INTERVIEWS, REVIEWS & RELATED ARTICLES
The New Yorker JULY 9, 2008 - by Andrea K. Scott
BRUCE CONNOR, R.I.P.
Odds are you've never heard of Bruce Conner. The American artist, who died on Monday, at the age of seventy-four, was established but hard to pin down. A Beat sculptor in the '50s, a maker of hallucinatory collages and intricate mandalas in the '60s, and the staff photographer for the Punk fanzine Search And Destroy in the '70s (to cite just a handful of his aesthetic personae), Conner was probably best known for his experimental films, which included Cosmic Ray and Vivian. Dennis Hopper, a close friend of the artist's for decades, told the L.A. Times in 1990: "Bruce's movies changed my entire concept of editing.

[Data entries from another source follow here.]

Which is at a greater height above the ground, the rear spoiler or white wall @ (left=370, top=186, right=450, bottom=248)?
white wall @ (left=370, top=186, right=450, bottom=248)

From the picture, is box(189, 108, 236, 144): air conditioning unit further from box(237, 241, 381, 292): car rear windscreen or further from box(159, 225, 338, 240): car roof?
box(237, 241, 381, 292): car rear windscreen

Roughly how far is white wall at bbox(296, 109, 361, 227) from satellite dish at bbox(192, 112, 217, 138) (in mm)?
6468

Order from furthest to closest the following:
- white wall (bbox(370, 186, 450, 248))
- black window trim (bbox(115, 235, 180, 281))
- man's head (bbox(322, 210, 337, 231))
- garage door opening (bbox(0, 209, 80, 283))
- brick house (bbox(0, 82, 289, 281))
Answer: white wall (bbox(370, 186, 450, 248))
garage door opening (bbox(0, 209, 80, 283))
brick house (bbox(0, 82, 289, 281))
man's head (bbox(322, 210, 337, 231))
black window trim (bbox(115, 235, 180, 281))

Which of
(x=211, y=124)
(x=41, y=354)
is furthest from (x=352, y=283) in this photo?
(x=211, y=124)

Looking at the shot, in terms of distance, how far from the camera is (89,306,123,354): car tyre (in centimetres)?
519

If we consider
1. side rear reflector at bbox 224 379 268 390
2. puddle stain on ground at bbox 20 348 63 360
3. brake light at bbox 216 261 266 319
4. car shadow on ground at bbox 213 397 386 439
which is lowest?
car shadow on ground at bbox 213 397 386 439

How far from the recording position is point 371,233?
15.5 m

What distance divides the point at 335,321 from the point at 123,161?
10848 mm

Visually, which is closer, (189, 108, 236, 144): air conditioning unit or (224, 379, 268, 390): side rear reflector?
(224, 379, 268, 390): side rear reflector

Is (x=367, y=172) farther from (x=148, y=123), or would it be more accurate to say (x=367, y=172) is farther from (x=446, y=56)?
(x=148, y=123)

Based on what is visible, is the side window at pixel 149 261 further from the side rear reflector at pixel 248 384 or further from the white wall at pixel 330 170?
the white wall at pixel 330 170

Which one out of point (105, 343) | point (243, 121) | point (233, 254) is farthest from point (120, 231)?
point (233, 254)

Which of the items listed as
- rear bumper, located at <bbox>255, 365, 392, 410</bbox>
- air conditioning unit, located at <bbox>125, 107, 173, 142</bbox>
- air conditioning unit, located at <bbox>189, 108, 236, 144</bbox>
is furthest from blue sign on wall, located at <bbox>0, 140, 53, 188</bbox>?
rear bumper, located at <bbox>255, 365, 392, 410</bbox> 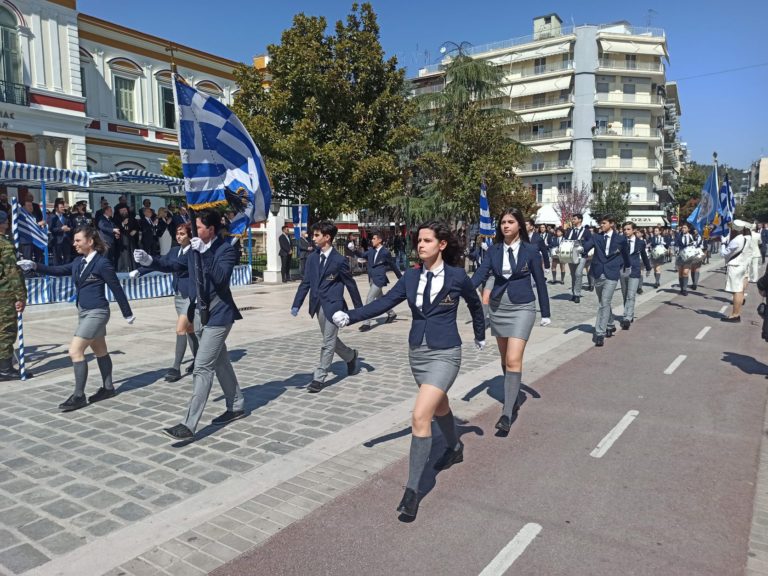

In fact, much of the editing of Easy Rider came directly from watching Bruce's films, and, when I look at MTV, it seems they all must've been students of his." Indeed, Conner was an early adopter of the music-video genre, though, true to peripatetic form, he made only a couple of pieces: one for the band Devo and another for a collaboration between Brian Eno and David Byrne. "America is waiting for a message of some sort or another", a voice intones during the song; in Conner, we've lost a versatile and visionary messenger.